Or you could have a go at the infamous ‘Snowflake’; see KNP’s ‘Little Muddle’ thread on ‘Layout Topics’...


 Thanks for that. While I was searching for Puffers that served in Devon and Cornwall, I also found this: https://johnhmoore.co.uk/hele/coal_boats.htm 

On the coal boats in Hele Bay and Ilfracombe. Which largely features the exploits of Captain James Irwin, bouncing the Snowflake off rocks and piers in a manner worthy of Para Handy or Sub Lt Phillips! 

e.g.

Quote

"Never was a more tubby, grubby, quaint and comic little ship.

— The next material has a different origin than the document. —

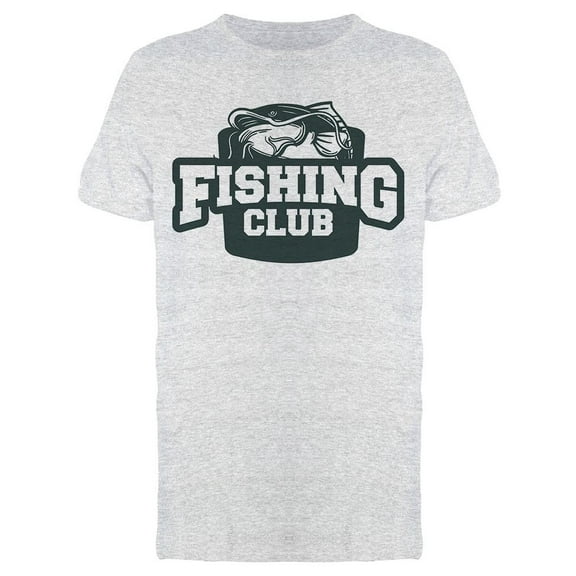 Fishing Club Catfish Design T-Shirt Men -Image by Shutterstock, Male x-Large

She is about 60' long, slab-sided, with bow and stern, alike rounded, sitting down well aft. A tall mast, an enormous smokestack, a pile of superstructure, which after all is only meant to house the master at the wheel, and you have the Snowflake. Before 1914 she was 'The Strawberry boat', when every summer she used to run hard quick passages to Swansea to carry vast quantities of the world's most delicious berries to the market....A famous trio of brothers, the Irwin's, owned and sailed the Snowflake

...

Says Cap't Irwin at sea one day 'I know every rock in the Bristol channel'; and then, as the Snowflake struck and bounced off -'That's one of them'" (Boyle & Payne 1952 p 215-6)

 

.. and lots more on this vessel's very eventful life. Hope folks enjoy that.

 

In case it's not already been mentioned(?), all known Puffers and VICs are on this website: https://puffersandvics.org/index.htm

Created by Alasdair MacKenzie, who is grateful for any extra info.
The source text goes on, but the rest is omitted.